Farmers make their money by producing more crops, and therefore try to maximize crop yield. Unfortunately, high yield does not translate to higher nutrient levels. For example, the “Marathon” broccoli variety is now generally considered to be the industry standard due to its high yield. Unfortunately, it also has the lowest levels of calcium and magnesium. Similarly, in a comparison of modern and historical wheat varieties, increased yield was associated with decreases for all minerals except calcium.
Different Harvesting and Storage Methods
I have fond memories of picking raspberries with my grandparents in their backyard. The smell of the sun-ripened berries and the sweet-sour tang of the raspberries themselves. If you have ever tasted a raspberry from the grocery store, it does not come close to the taste of a fresh-picked ripe berry. Modern farming often requires that fruits and vegetables are harvested before ripening so they can be stored and transported to stores with as little damage as possible. But crops that are harvested early generally have lower levels of fiber, vitamins, and phytonutrients. Furthermore, once harvested, the crops lose nutrients quickly. Vitamin C is easily destroyed and therefore often used as a marker of overall nutrient loss. In tomatoes, delays of just 24 hours between harvest and processing resulted in 12% loss of vitamin C. Kale held at room temperature for 2 days lost 20% of its vitamin C content. The vitamin C in apples, typically harvested and stored for months before they appear in stores, was found to decrease by an average of 80% in three months. Our modern food supply is grown and shipped to us from all over the world. While this allows us to eat a tomato in any season, it does not consider the nutrition our bodies need.
Environmental conditions
Atmospheric and environmental changes have also altered plant composition. Increased level of CO2 in the atmosphere due to pollution decreases the potassium, magnesium and protein content of plants. Acidity from air pollution and acid rain decreases the nutrient availability of minerals in the soil, and therefore the amount plants take in. Higher levels of heavy metals in the soil compete with other beneficial minerals for absorption, lowering the levels of minerals in the plants.

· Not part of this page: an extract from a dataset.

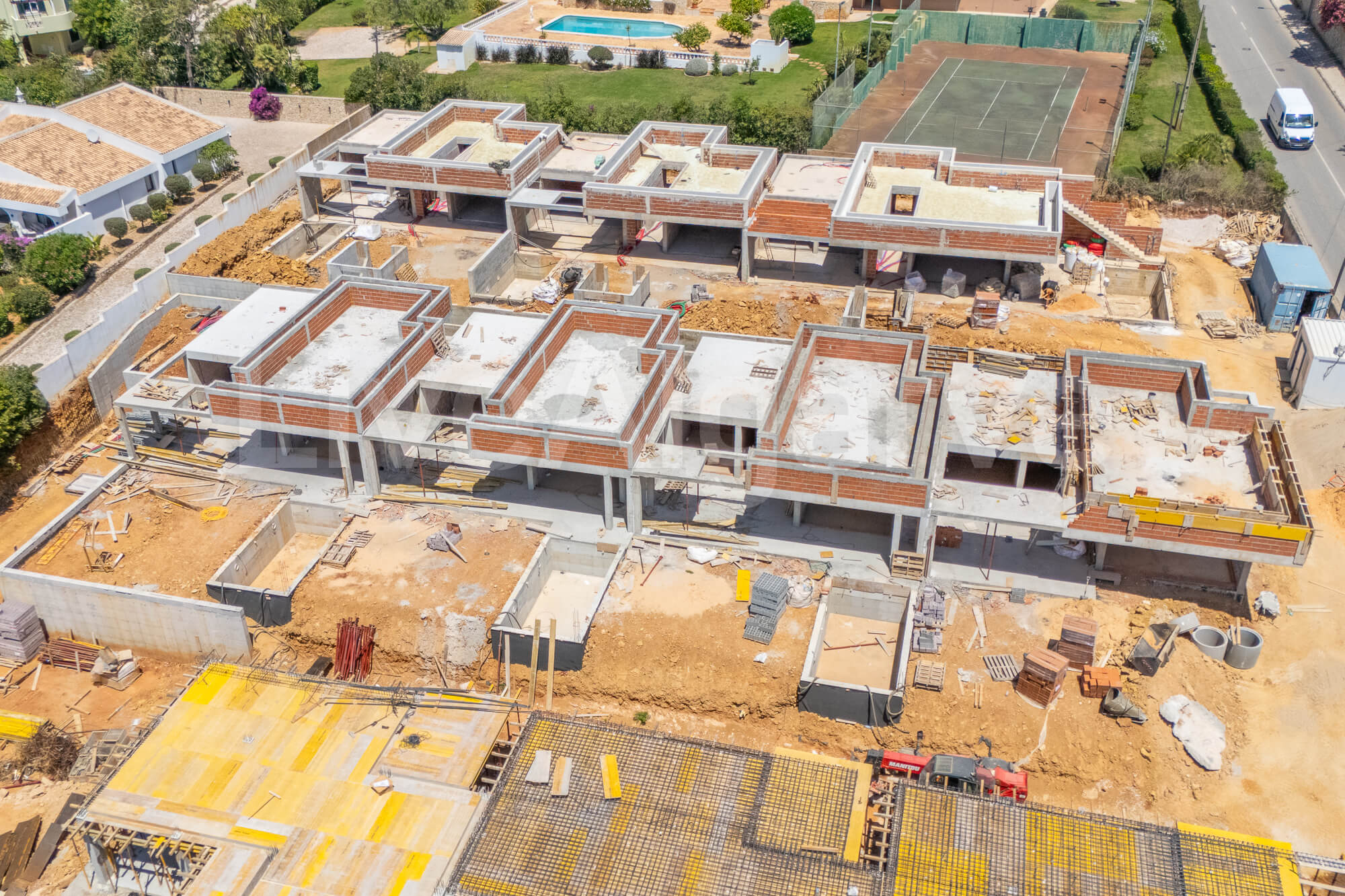 MAISONS DE VILLE MODERNES T2+1 à VENDRE à PRAIA DA LUZ - LAGOS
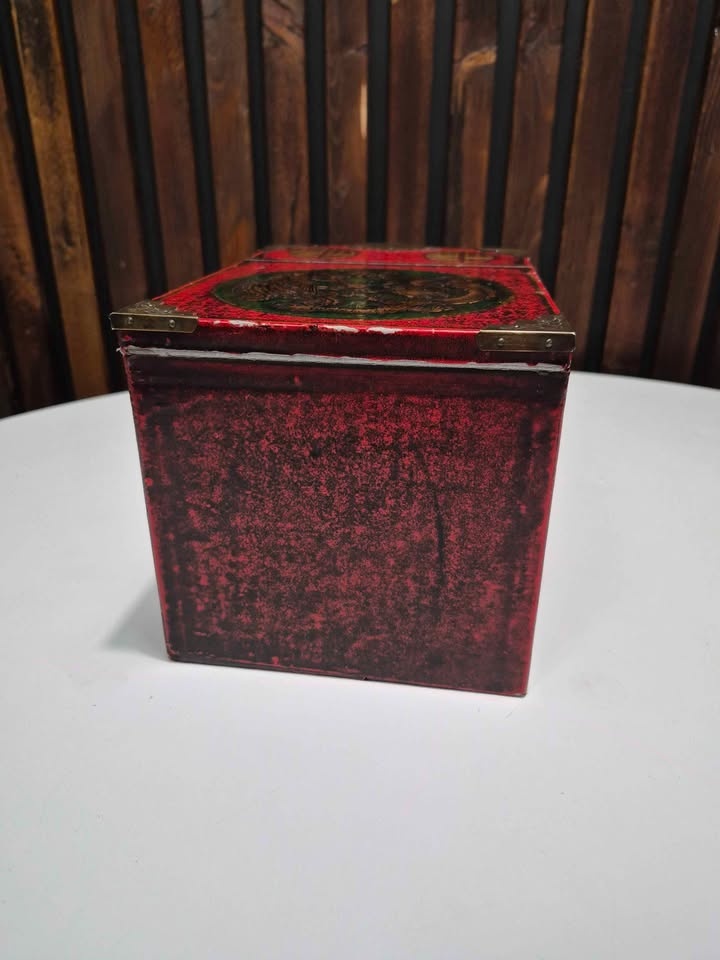 Vintage Chinese Style Wooden Jewelry Box with Mirror - photo 5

So how can you ensure optimal nutrition?
Eat a variety of brightly colored fruits and vegetables
Brightly colored fruits and vegetables, including dark green and dark purple, contain the highest amounts of phytonutrients. By eating a variety, you are ensuring more balanced nutrition since different foods are higher in different nutrients.
Support local farmers using sustainable methods
Sourcing local foods generally means fresher foods, and therefore higher levels of nutrients. Look for farmer’s markets, community-supported agriculture (CSA’s), or even try growing your own. This will likely mean more seasonal foods, which is another win. The foods will taste better and you will get excited as each season brings its own special crops.
Supplement
While a healthy diet is first and foremost, supplementation can help provide a little more of the nutrients that are declining in our food. Surveys show low intake levels of vitamins A, C and E, as well as magnesium, iron, and zinc for a significant percentage of Americans. While the levels are not likely to land you in the hospital with scurvy, some researchers suggest that low-level nutrient deficiencies may be behind many of the chronic diseases that plague our country. Multivitamins should not be used to compensate for poor eating habits, but instead are an inexpensive way to fill these known nutrient gaps.